4 tech startup myths

Richard Dean

Lead Product Manager

Updated 21 April 22



When you start your own business, it’s hard to know what advice to take especially when you don’t know much about the startup world.


Here’s a few things that you might have heard that aren’t actually true.


1. You have to quit your day job

The hard truth is that 92% of startups fail. So quitting your job for something that might not even have any legs isn’t the most sensible option.


This isn’t a case of ‘go hard or go home’. By committing less time to start with, you’ll be in a better position later on when you’ve gained the key experience and knowledge.


Plus, having the financial security of a job when you’re working on something so unstable means you’ll always have something to fall back on if it all goes wrong.  


2. You need tons of money to start with

It might come as a surprise, but you don’t need millions of pounds to get started.


You don’t need to hire a team of employees and you don’t need to buy a new swanky office.

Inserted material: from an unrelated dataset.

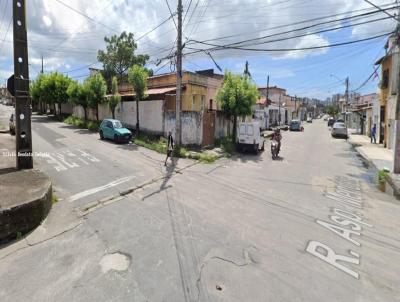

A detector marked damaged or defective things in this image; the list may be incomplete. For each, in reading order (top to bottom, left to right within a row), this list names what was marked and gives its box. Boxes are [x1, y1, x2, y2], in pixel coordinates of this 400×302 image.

cracked asphalt pavement [0, 114, 400, 302]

It’s all about being lean.


Before you start flashing the cash, you should be finding out whether you’re even building the right product. And this doesn’t have to cost you much.


The book, The Lean Startup, talks all about this in loads of detail, so read it before you do anything else!


3. You have to know exactly what you’re doing

You don’t. No one really does.


There’s no point working out every step you’re going to take because it will change. As long as you’re curious and open to learning, you can put it into practice and get on your way.


4. You need a massive business plan

Similarly, you don’t need a huge 50 page business plan. Keep it simple.


You need to know what problem you’re solving and what your solution is. Throw in some key metrics to measure how your business is doing and figure out who your customers are. Along with a couple of other things, you’re good to go.